They are showing all of season 3 an episode or two each night from 5/19-5/30, with a marathon of the entirety of season 3 (10 episodes) on Memorial Day from 9:00 a.m. to 7:00 p.m. CT thrown in. If you've been looking to get caught up or refreshed, here's your chance.


----------



## Allanon (Nov 2, 2005)

Here is a good website that is constantly updated with premiere dates:

http://www.metacritic.com/feature/tv-premiere-dates


----------



## JLucPicard (Jul 8, 2004)

Sorry about the late notice, but Season 3 of *Major Crimes* began tonight. There is another airing of the season premiere episode later tonight and also on Saturday and next Monday before the new ep.


----------



## JLucPicard (Jul 8, 2004)

Season 5 of _*Rookie Blue*_ begins this Thursday, June 19th at 8:59/7:59 CT with a two hour (and one minute) double episode scheduled as one solid block.

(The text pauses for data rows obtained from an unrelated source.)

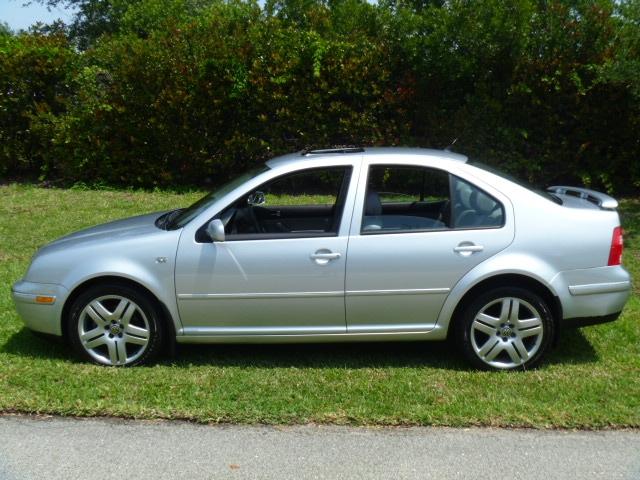 Volkswagen Jetta FWD 4dr Sport Sedan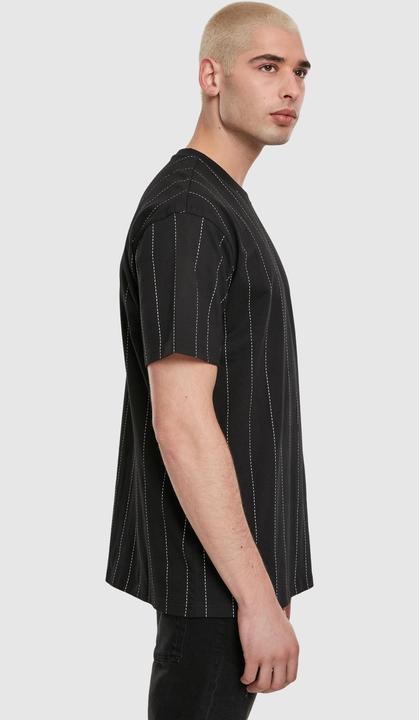 Actual product image Urban Classics Oversized Pinstripe Tee (L)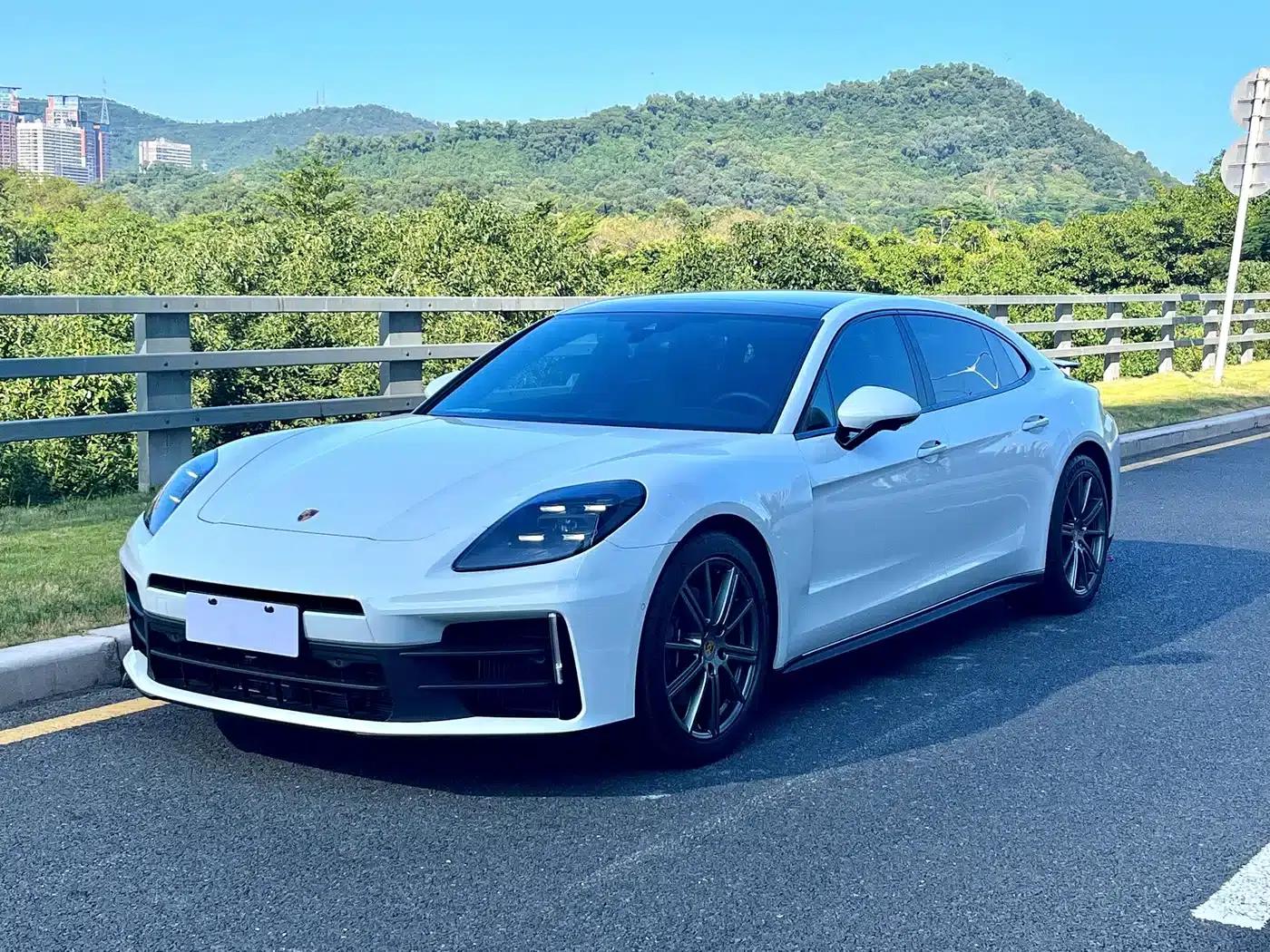 2024 Panamera Executive Long Wheelbase 2.9T — миниатюра 1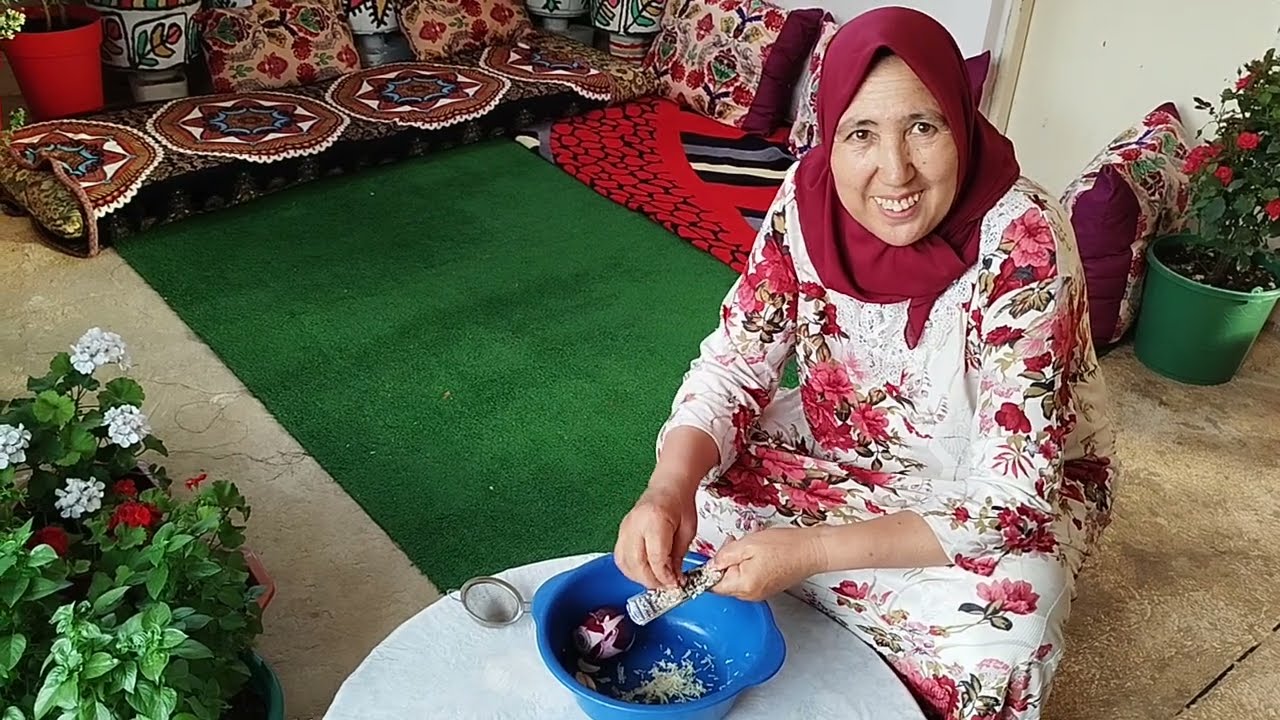 العناية بالنباتات المنزلية وعلاجها بمكونين بسيطين وطريقة تكثير النباتات العطرية مع أمي إيطو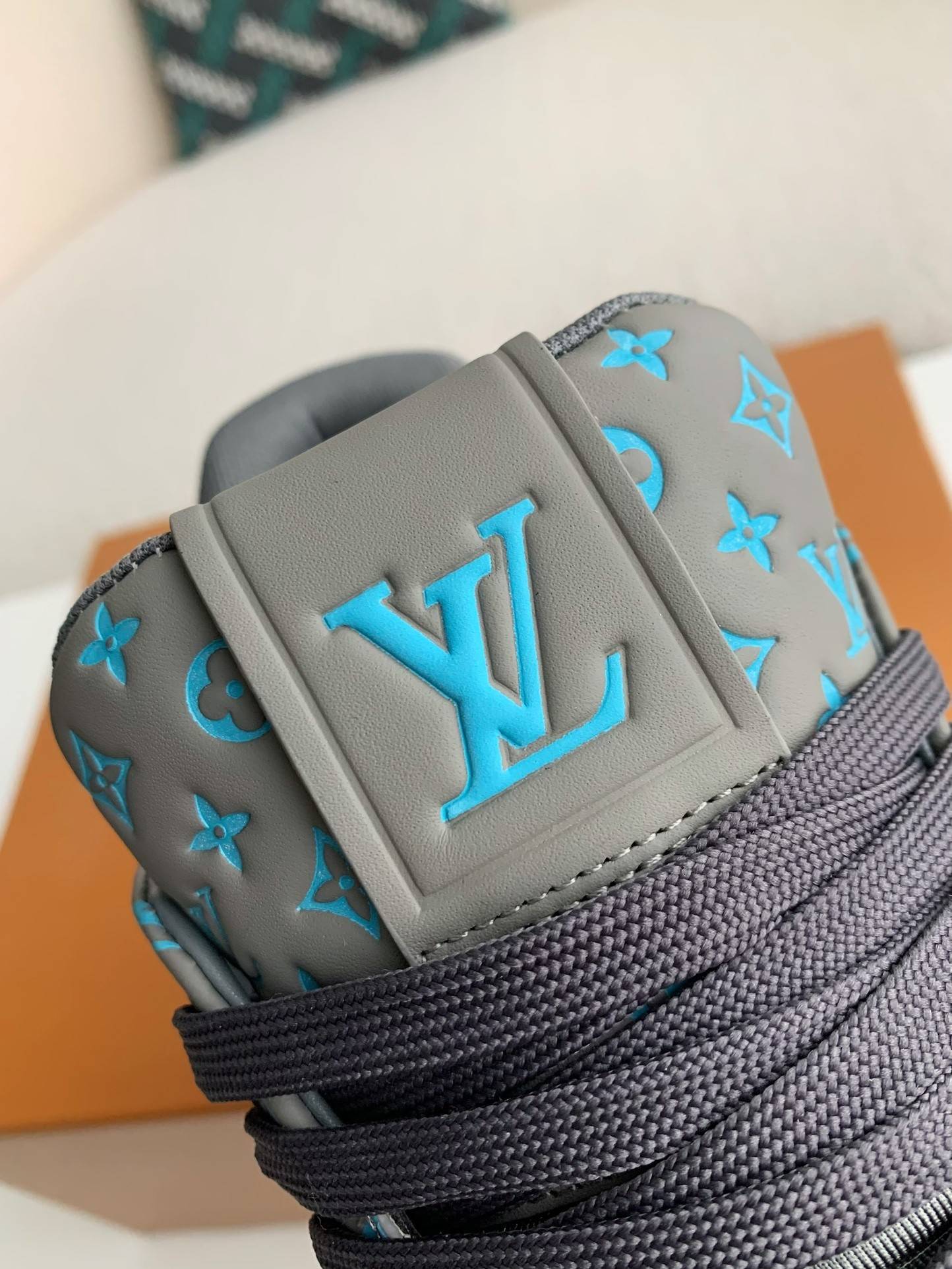 L*V TRAINER SNEAKERS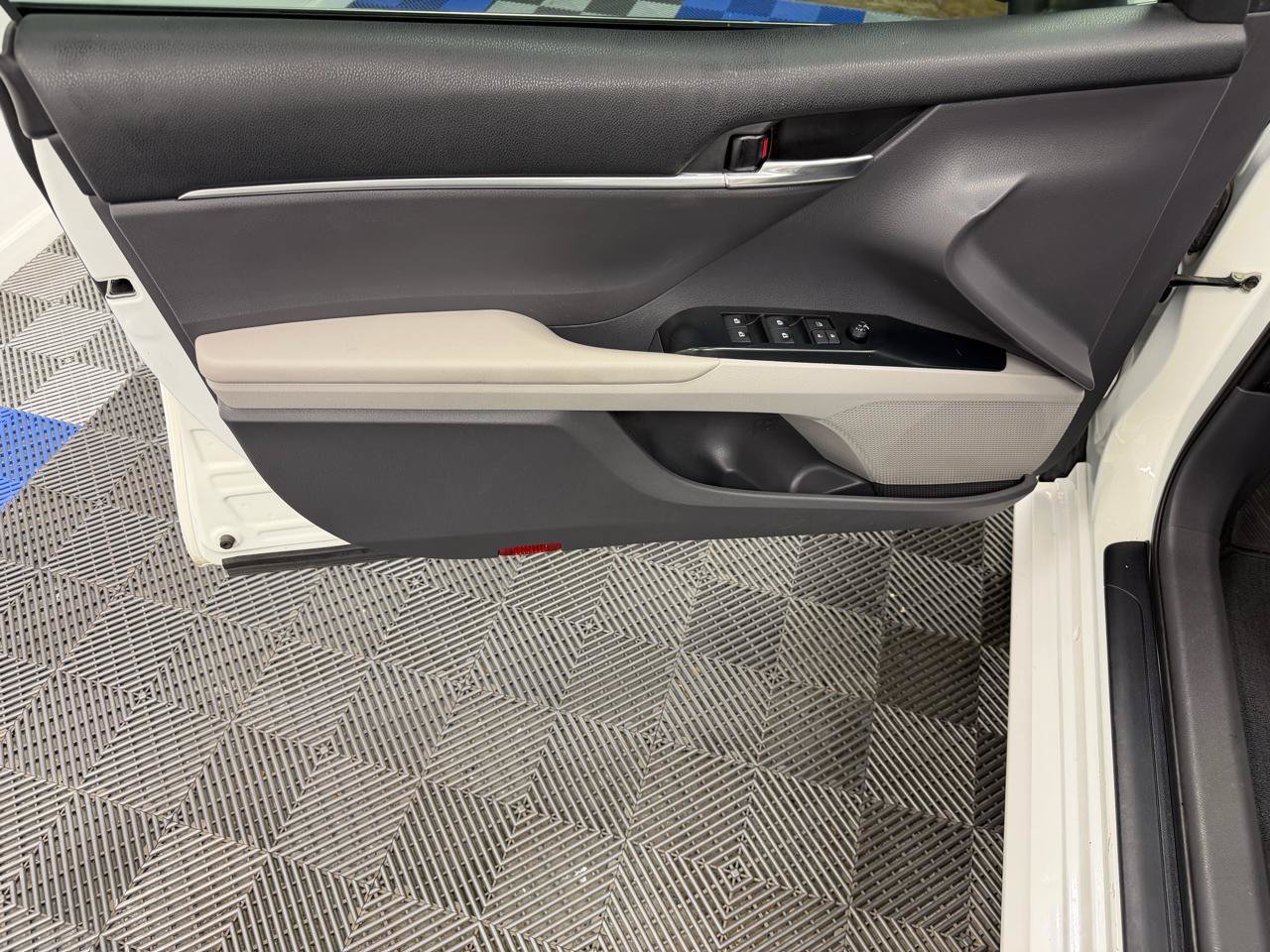 Used 2020 Toyota Camry LE FWD image 5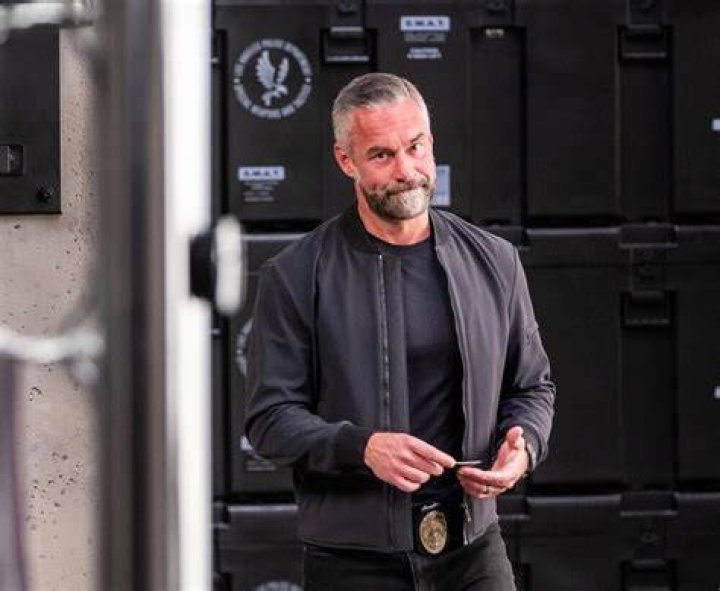 Jay Harrington Bio, Wiki, Age, Height, Wife, Kids, Suits, Haircut, Movies and Net Worth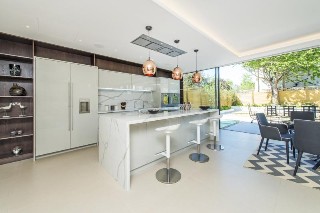 Ferry Road, Barnes, London, SW13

The original air date indicates 5/19/14 (I'm guessing a Canadian airing?), so you'll want to set New & Reruns or Everything to catch this.

The next week airs again at 8:59/7:59 CT for one hour.


----------



## Archangel00 (Aug 25, 2006)

A good many premieres/returns over the next few days.
http://www.metacritic.com/feature/tv-premiere-dates
The Knick
Outlander
Legends
Franklin & Bash
just to name a few of the "higher profile" ones..


----------



## Peter000 (Apr 15, 2002)

Isn't it just about time for the 2014/2015 thread?


----------



## DevdogAZ (Apr 16, 2003)

Peter000 said:


> Isn't it just about time for the 2014/2015 thread?


Feel free to start one. Newsposter has stated he doesn't want to manage these threads anymore, so they're fair game to anyone who wants that responsibility.


----------



## Allanon (Nov 2, 2005)

Peter000 said:


> Isn't it just about time for the 2014/2015 thread?


Why is this thread needed when you have sites like these:

Metacritic

Futon Critic

plus the many other entertainment sites with lists?


----------



## Archangel00 (Aug 25, 2006)

Yeah seems like a lot of needless work parsing what can just be easily linked to, into it's own list here any more. Anyone/Everyone could just do something similar to what I did above once a week from now on. Just bump this, or a new thread, with the highlights for the week and the link to metacritic, or something else, if it's a better reference.


----------



## Archangel00 (Aug 25, 2006)

Hopefully everyone realizes the new fall season is upon us now
http://www.metacritic.com/feature/tv-premiere-dates


----------